O presidente da Leite Brasil, entidade que reúne produtores, defende aportes em genética e tecnologia para mudar esse quadro de baixo rendimento na pecuária leiteira do país. A falta de especialização do rebanho também ocorre porque, muitas vezes, a pecuária leiteira não é a atividade principal e não é feita de forma profissional, acrescenta Laércio Barbosa, diretor do Laticínios Jussara.
Na avaliação de Marcelo Pereira de Carvalho, analista do Milkpoint, o modelo de pequeno produtor de leite, que predomina no Brasil, “não é sustentável”. Assim como Rubez, ele defende investimentos em tecnologia e na gestão das propriedades com vistas à profissionalização e o modelo de clusters para produção de leite. “Por que não somos competitivos no leite se somos em outras áreas e temos disponibilidade de capim, grãos e água?”, questiona.
Outra fragilidade brasileira em relação aos demais países produtores são os custos logísticos mais elevados, já que os laticínios podem estar distantes das fazendas fornecedoras de leite. “É o custo Brasil. O frete é caro, a alimentação [dos animais] é dolarizada”, diz Barbosa.
As vicissitudes não param por aí. No Brasil, o custo de manejo acaba sendo superior por conta da mão de obra.
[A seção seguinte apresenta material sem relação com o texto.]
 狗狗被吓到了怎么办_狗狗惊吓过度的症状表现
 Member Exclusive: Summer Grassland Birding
Além de maior mecanização, na Nova Zelândia e na Europa, por exemplo, é basicamente a família que trabalha na propriedade produtora de leite, lembra o empresário.
“Temos um problema de base produtiva”, diz Marcelo de Carvalho, do Milkpoint. Ele afirma que o custo de produção do leite no Brasil subiu mais que em outros produtores em decorrência de maiores custos com salários, perdas de vagas na zona rural e alta dos preços da terra por conta da disputa com a cana e os grãos.
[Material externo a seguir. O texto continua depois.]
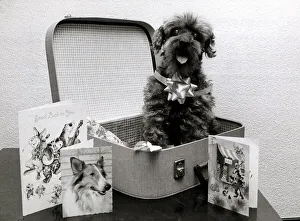 Pepy the poodle is 15 years old - September 1980 Brian Pepy the poodle is 15 years old - September 1980 Brian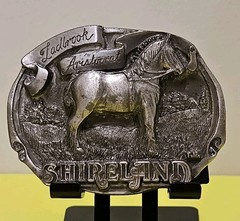 Vintage 1988 Shireland Park Horse Belt Buckle First Edition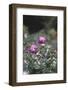 Blossoming peonies in the garden in June,-Nadja Jacke-Framed Photographic Print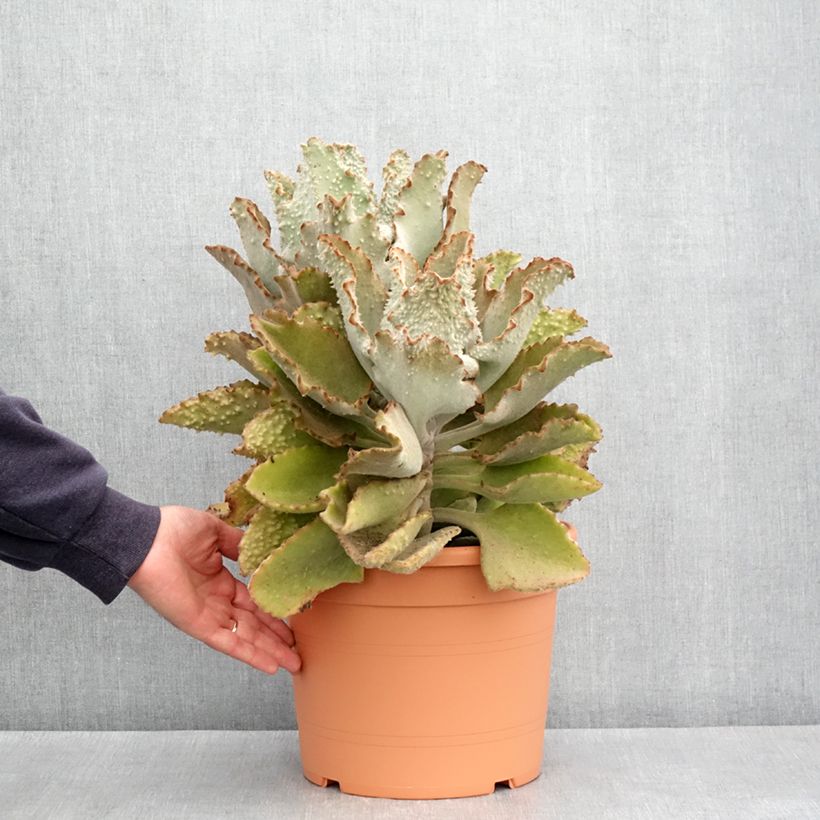 Exemplar von Kalanchoe beharensis Fang - Elefantenohr-Kalanchoe Topf mit 7,5L/10L wie im Frühjahr geliefert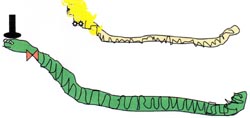 The Earthworm picture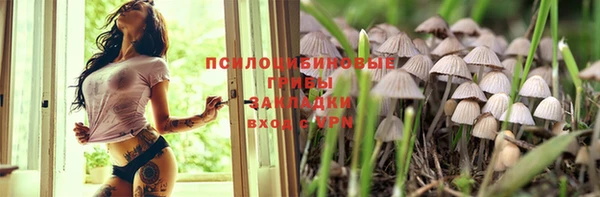 спайс Мегион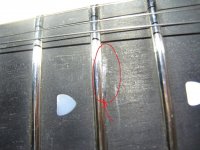 IMG_1004.jpg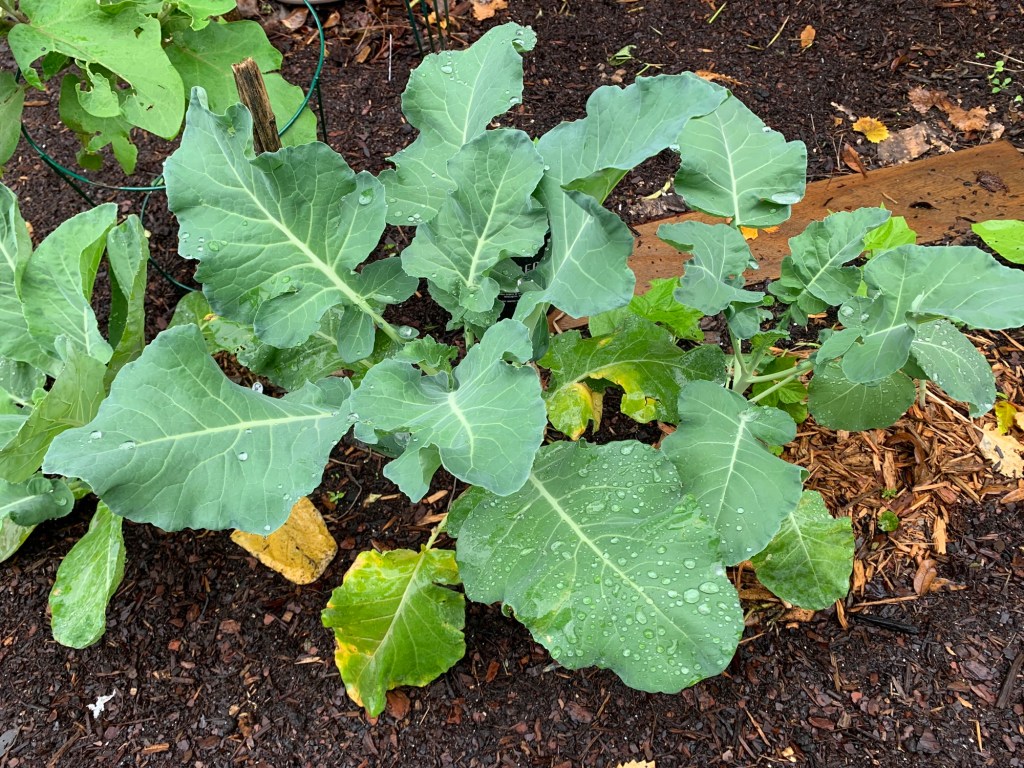 broccoli plants garden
Carvalho observa que a avaliação sobre a competitividade da produção não pode levar em conta apenas o volume de leite produzido diariamente pelos animais. A Nova Zelândia, com produção total de 19,7 bilhões de litros no ano passado, tem rendimento por animal menor que Estados Unidos e Argentina, mas o leite que produz tem teores de gordura e proteína mais altos – é “um leite mais rico”, afirma. Comparando-se com o Brasil, que tem produtividade por animal menor, a vantagem neozelandesa é ainda superior.
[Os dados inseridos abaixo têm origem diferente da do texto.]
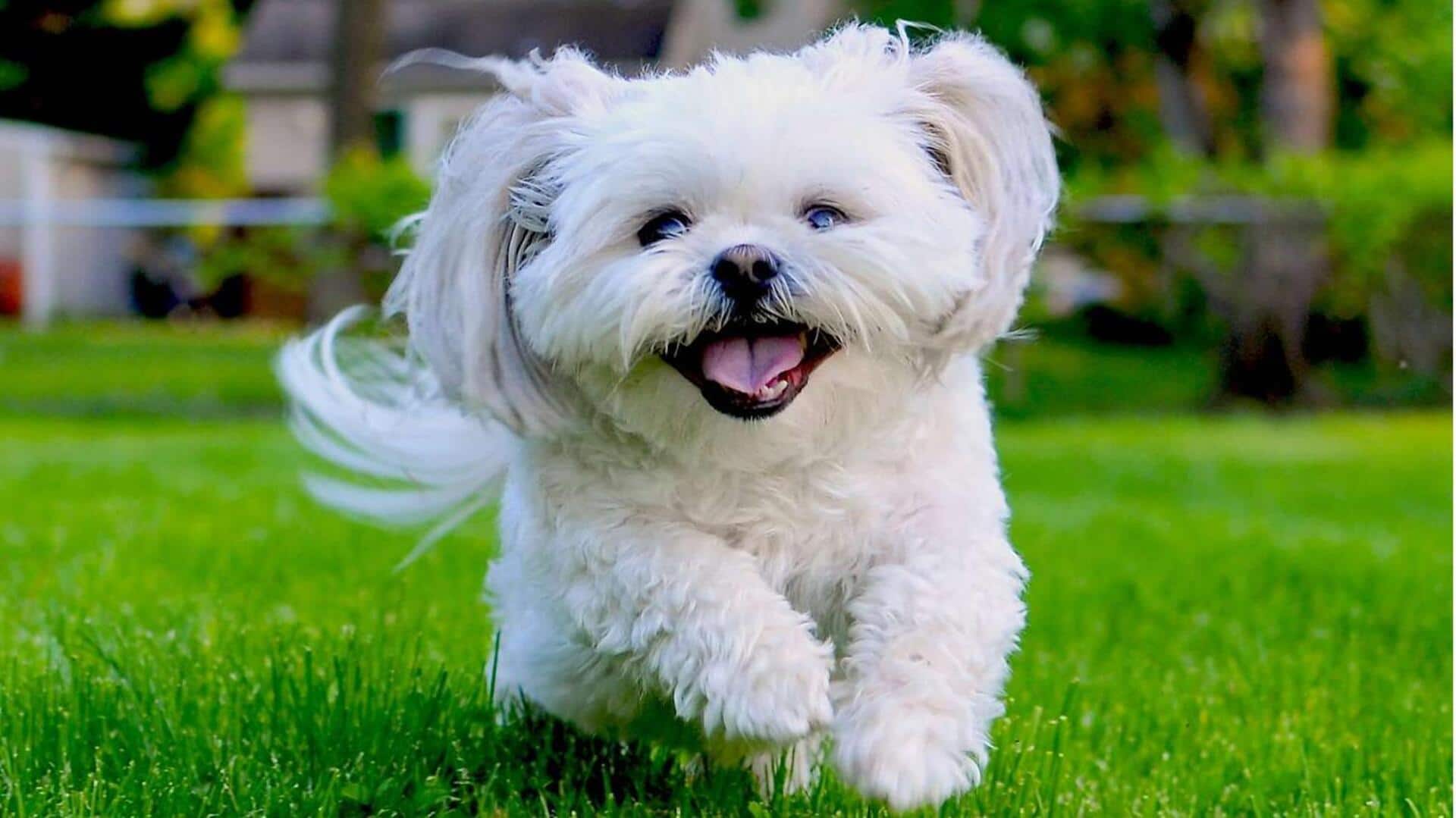 Tips to take care of your Shih Tzu dog's coat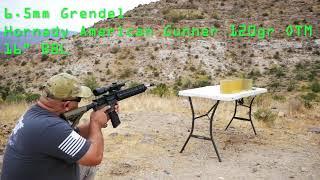 6 5mm Grendel Hornady American Gunner 120gr OTM gel test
O analista acrescenta que nem sempre a maior produtividade por vaca significa custos mais baixos ou maior rentabilidade. “Isso depende do sistema de produção. O exemplo mais evidente é a Nova Zelândia, que mesmo com produção por vaca menor, tem custo mais baixo do que os EUA e tem quase 40% do mercado de exportação”, diz Carvalho. O que permite os custos mais baixos é o sistema de produção do país da Oceania, onde os animais são criados a pasto, com forragens de alta qualidade. Já nos EUA, que produziram 90 bilhões de litros de leite em 2012, os animais são confinados e recebem alta suplementação alimentar.
Não bastasse a ineficiência no campo, no ano passado, os produtores de leite sofreram ainda com a alta dos custos de grãos, usados na alimentação do rebanho leiteiro. Os custos mais altos dificultaram a expansão da produção, avalia Rafael Ribeiro, da Scot Consultoria. Estimativas indicam que a produção total de leite no país ficou entre 32,42 bilhões e 32,5 bilhões em 2012, crescimento de apenas 1% sobre 2011.
E, diante da baixa competitividade ante os concorrentes no mercado internacional, o Brasil continua a ampliar as importações de lácteos, deixando para trás a pretensão de se tornar um exportador de peso, cenário que parecia quase realidade há alguns anos. Em 2012, as importações de lácteos subiram 3,6%, para US$ 638 milhões, segundo o Ministério da Agricultura. O déficit na balança do segmento também cresceu: quase 5%, para US$ 518,6 milhões.